Aunque estos ejercicios nos resultan abominables y suponemos que están proscritos gracias a los tratados y la vigilancia de los organismos internacionales, no son muy distintos de los “experimentos” que se realizan en las corporaciones para averiguar qué puede suceder si se cambian algunas políticas o estrategias, o si se lanzan o no nuevos productos al mercado: en estos casos, los sujetos sometidos a la prueba también pagarán con sus vidas el fracaso y la curiosidad de sus superiores.

Además, los campos de los nazis requerían demasiados vigilantes para lograr la eficiencia necesaria —en Mauthausen, los 85 mil reclusos eran vigilados por casi diez mil miembros de la ss—.

Obviamente, los reclusos no anhelaban ser internados en ellos: el campo de concentración —al igual que la prisión— era un espacio indeseable. Ante estos hechos, la arquitectura vigilante sólo tenía un camino: transformarse para lograr una mayor eficiencia y crear mecanismos capaces de despertar el anhelo de internamiento, “cuya peor sanción es la exclusión”.

La arquitectura de las vanguardias —al igual que los desarrollos al estilo Googleplex— es heredera de la guerra y del panóptico creado por Bentham. No sólo emerge y se desarrolla a partir de las matanzas de 1914 y 1939, sino que también hizo suyas las técnicas, los materiales, los métodos y los artefactos que crearon las fuerzas armadas y los servicios de salud con tal de lograr el clímax de la vigilancia: la certeza de que los ojos del superior están en todas partes permitió observar y controlar a los reclusos, incluso más allá de los lugares de internamiento.

Gracias al uso intensivo del acero, el concreto y el cristal, las construcciones pudieron seguir el camino trazado por los rayos X: si el descubrimiento de las radiografías mostraba el interior del cuerpo, las nuevas edificaciones también podían exhibir su interior debido a las características de estos materiales. Este tipo de diseño pronto se adueñó del espacio: las nuevas oficinas lo siguieron a pie juntillas y lo mismo ocurrió en los hogares de grandes ventanales.

Todo podía volverse una emulación de los rayos X, que las mínimas desviaciones de la conducta de quienes se movían en estos lugares.

En los espacios laborales, la arquitectura de rayos X solucionó de manera definitiva el problema administrativo de los campos de exterminio gracias a la reducción del número de vigilantes: en el nuevo lager, todos los empleados asumen este papel debido a la transparencia de las paredes. La posibilidad del secreto y la privacidad fueron aniquiladas sin que nadie osara defenderlas.

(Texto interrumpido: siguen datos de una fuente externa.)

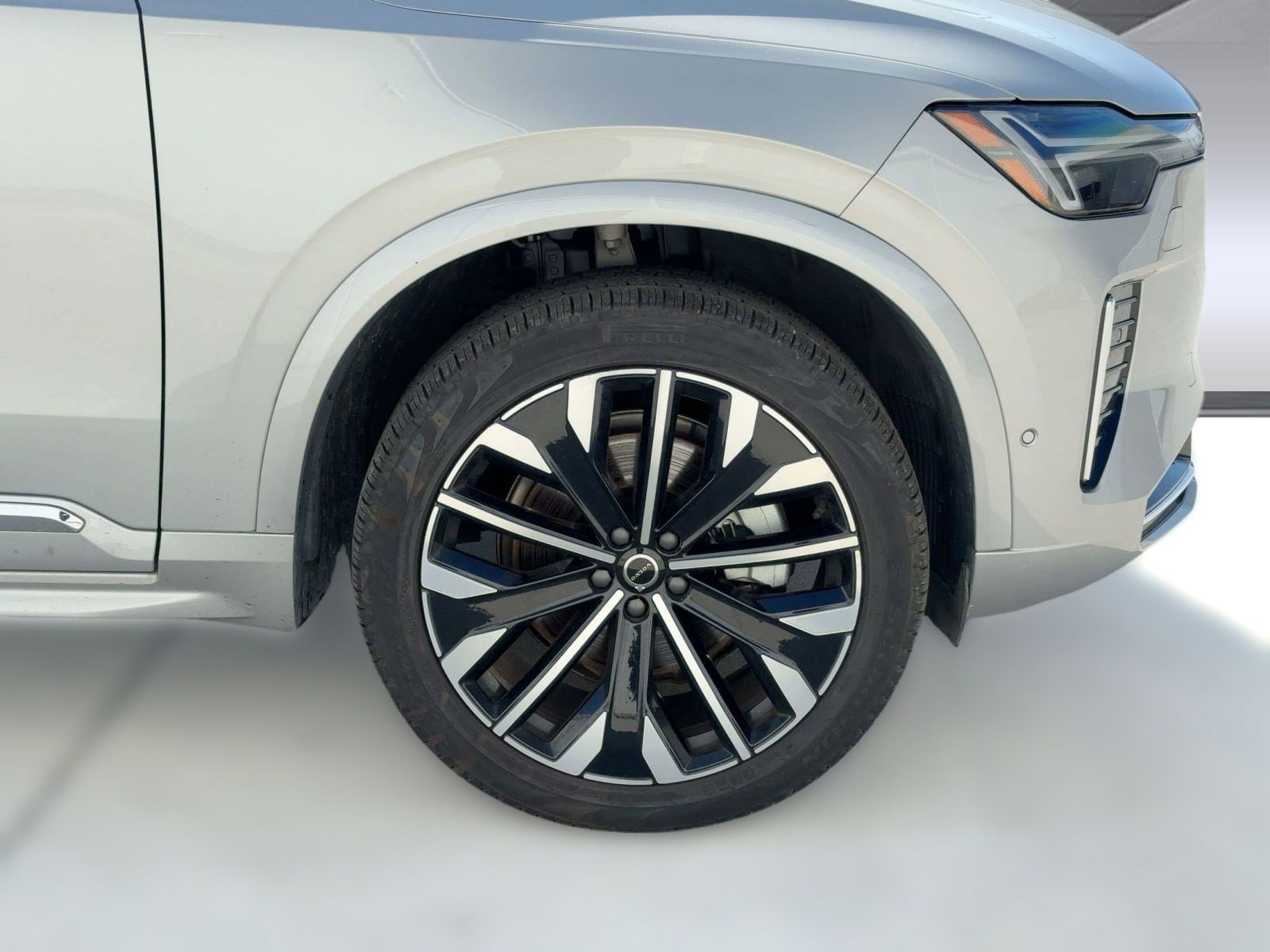 Certified 2025 Volvo XC90 B5 Plus image 11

Algo muy parecido ocurrió con los problemas del anhelo de pertenencia y el consenso: la ruptura visual y decorativa con las viejas fábricas y oficinas —una acción que se llevó al límite gracias a los proyectos al estilo Googleplex— creó la ilusión de que los antiguos sistemas de encarcelamiento y disciplina resultaban imposibles en los espacios abiertos, luminosos y supuestamente promotores de la convivencia. Nadie en su sano juicio quiere estar en un lugar sórdido; todos desean permanecer en sitios agradables donde por lo menos exista la ilusión de libertad y solidaridad, poco importa que en ellos la realidad sea distinta. A los reos les basta con tener ilusiones, vanas esperanzas de que se encuentran en el paraíso, en un lugar donde la miseria que marca su vida fuera de la corporación desaparece gracias a la belleza de su presidio.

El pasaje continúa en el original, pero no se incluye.